▶ **THE DATA**

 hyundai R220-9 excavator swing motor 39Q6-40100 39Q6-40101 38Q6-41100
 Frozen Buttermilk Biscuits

---

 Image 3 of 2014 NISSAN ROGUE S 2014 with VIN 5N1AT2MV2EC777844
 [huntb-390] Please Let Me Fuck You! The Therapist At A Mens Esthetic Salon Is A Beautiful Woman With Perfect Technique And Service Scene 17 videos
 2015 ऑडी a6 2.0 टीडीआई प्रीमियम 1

==

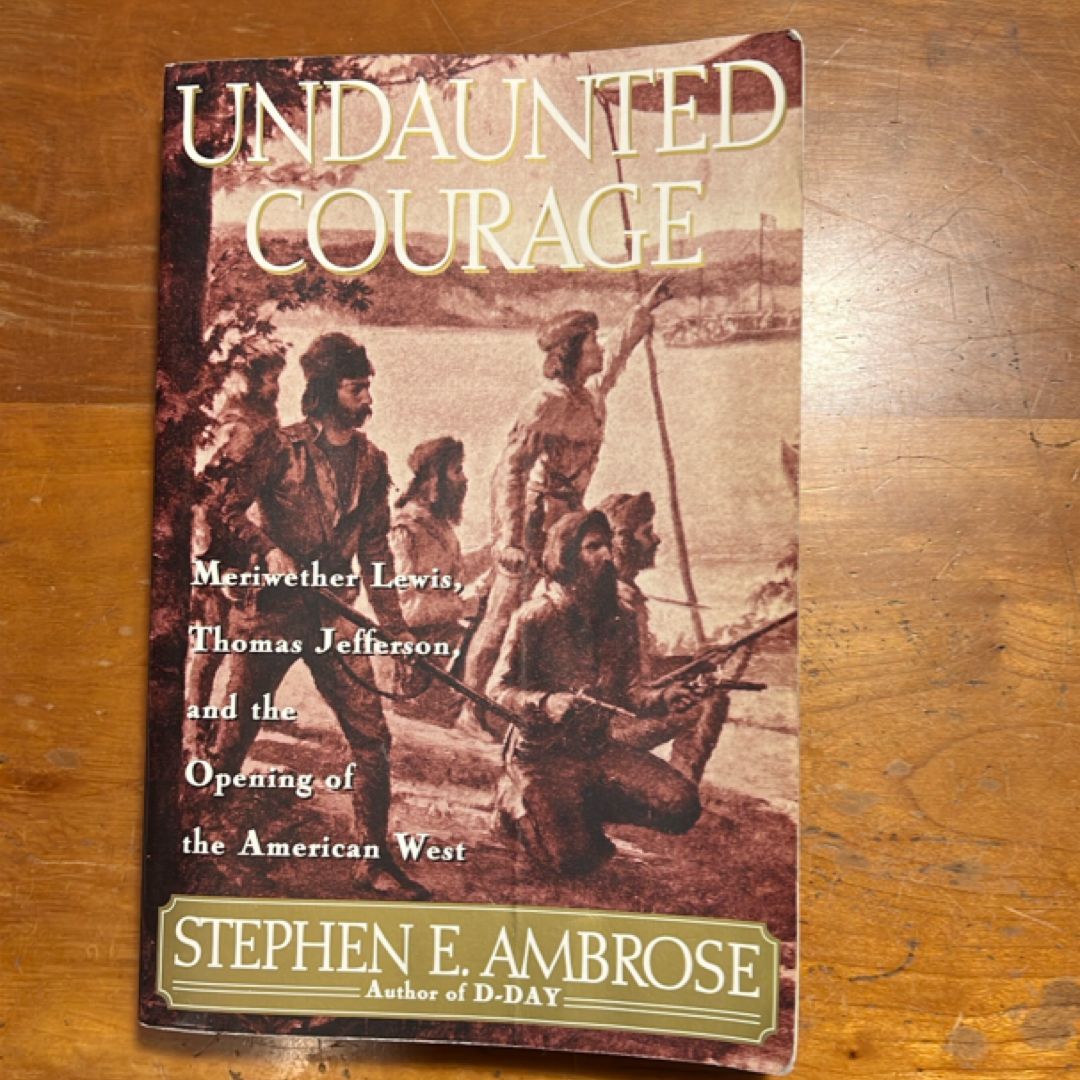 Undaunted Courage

▶ **WHAT NEEDS TO BE DONE**
All lines above from the one holding "[huntb-390] Please Let" to the one holding "2015 ऑडी a6 2.0 टीडीआई प्रीमियम 1", inclusive, are to be copied exactly; no other line is wanted.

▶ **WRITTEN RESPONSE**
 [huntb-390] Please Let Me Fuck You! The Therapist At A Mens Esthetic Salon Is A Beautiful Woman With Perfect Technique And Service Scene 17 videos
 2015 ऑडी a6 2.0 टीडीआई प्रीमियम 1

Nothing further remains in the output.